:: AIM OF THE EXERCISE ::
Among the entries below, copy only the span from the line containing "Apartment In The" through the line containing "A wild red fox". Do so exactly, and skip the pictures.

:: MATERIAL SUPPLIED ::
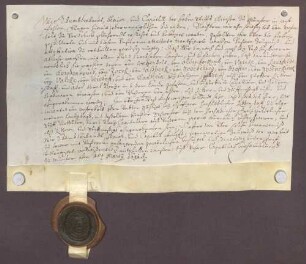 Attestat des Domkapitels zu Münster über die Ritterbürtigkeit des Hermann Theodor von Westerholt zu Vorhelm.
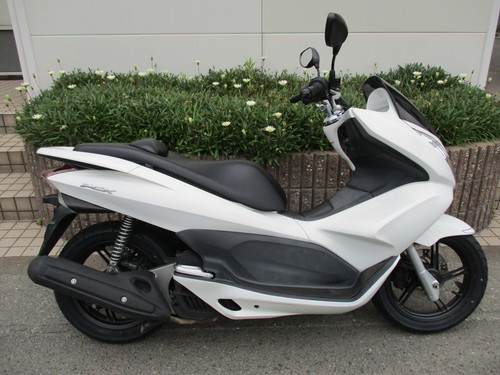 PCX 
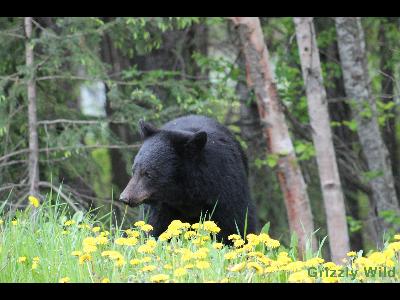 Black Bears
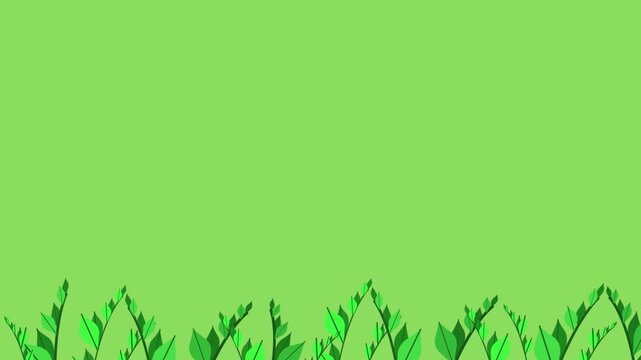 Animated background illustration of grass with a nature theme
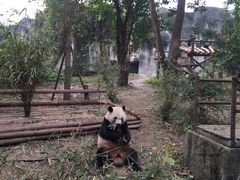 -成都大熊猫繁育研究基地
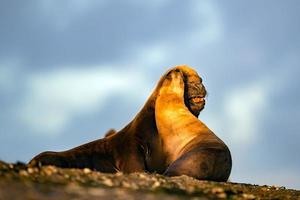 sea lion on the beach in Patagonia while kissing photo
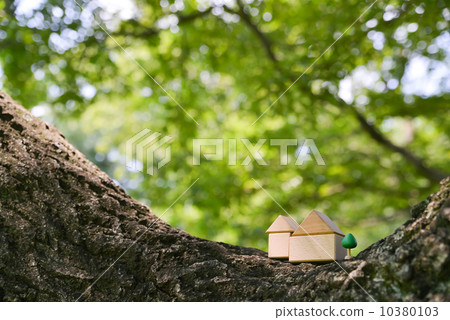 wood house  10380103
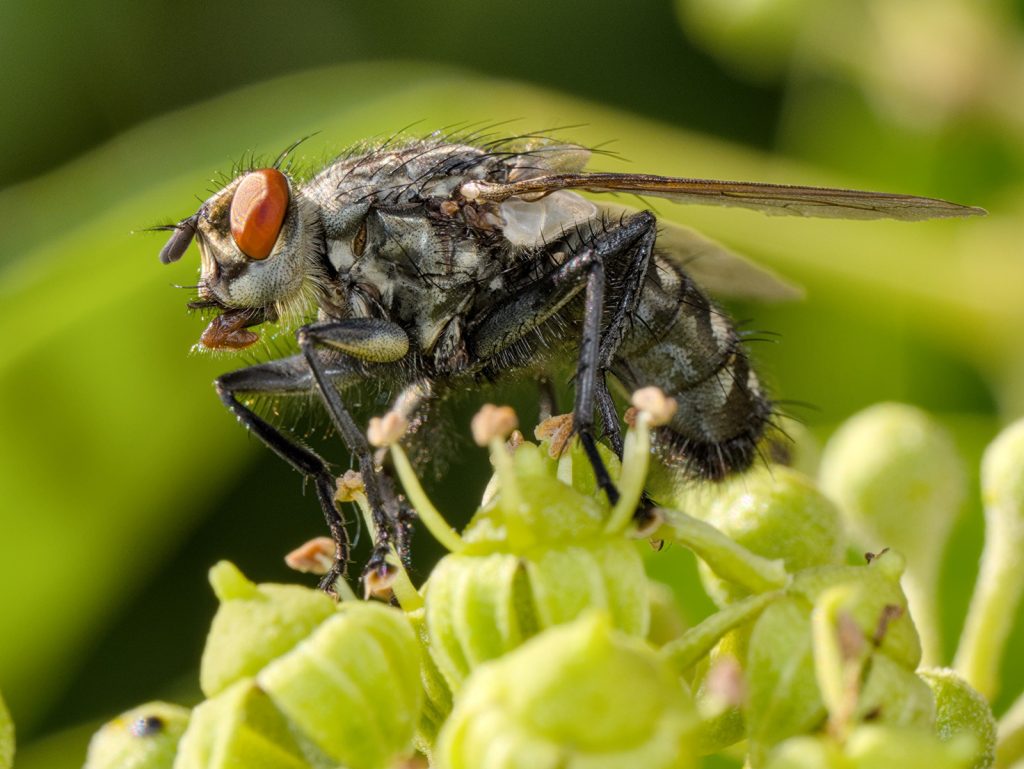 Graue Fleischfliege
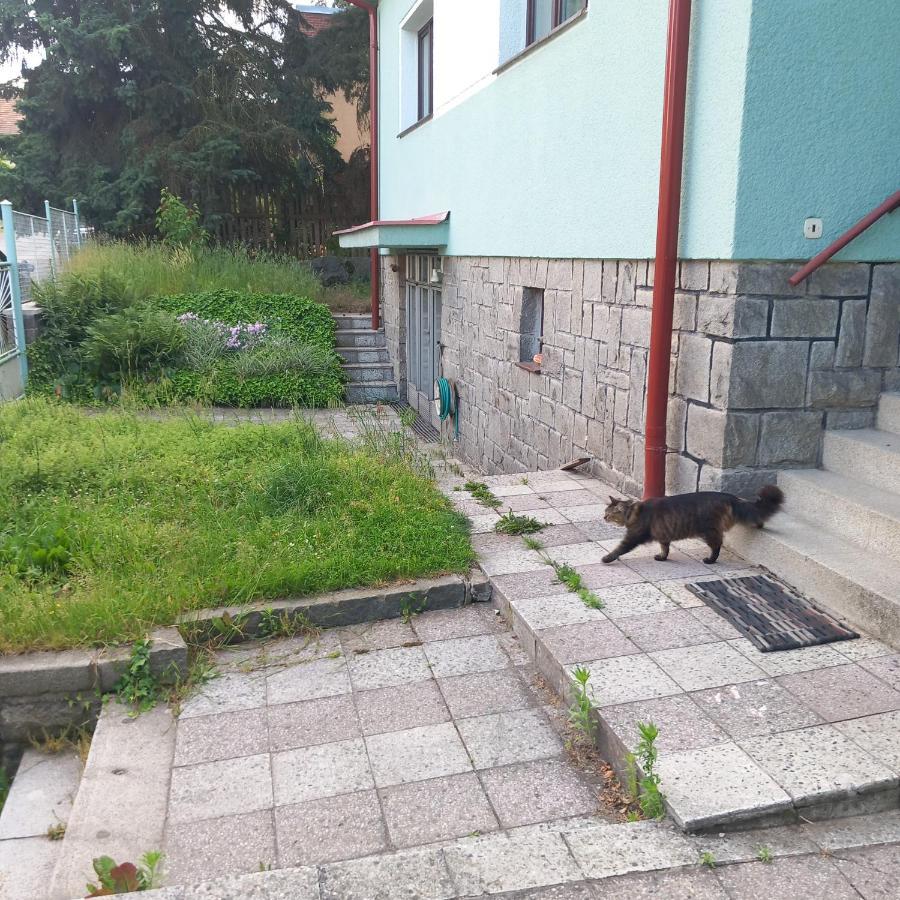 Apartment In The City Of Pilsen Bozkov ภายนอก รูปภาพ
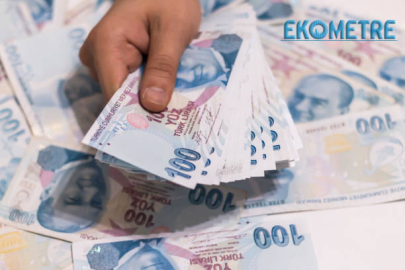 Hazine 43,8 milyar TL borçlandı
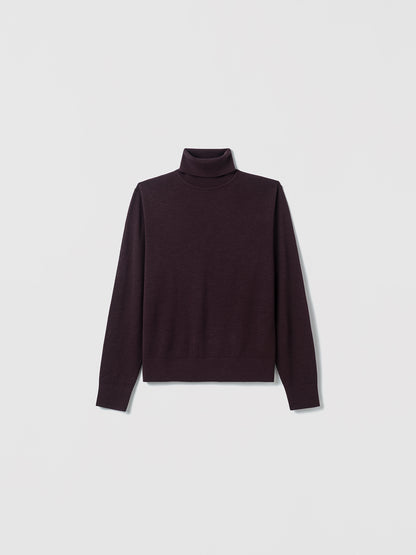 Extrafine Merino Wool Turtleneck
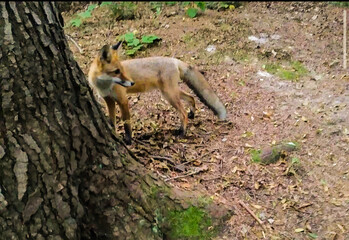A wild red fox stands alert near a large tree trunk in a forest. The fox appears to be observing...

...

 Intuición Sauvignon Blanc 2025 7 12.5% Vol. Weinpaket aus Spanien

:: ANSWER BOX ::
 Apartment In The City Of Pilsen Bozkov ภายนอก รูปภาพ
 Hazine 43,8 milyar TL borçlandı
 Extrafine Merino Wool Turtleneck
A wild red fox stands alert near a large tree trunk in a forest. The fox appears to be observing...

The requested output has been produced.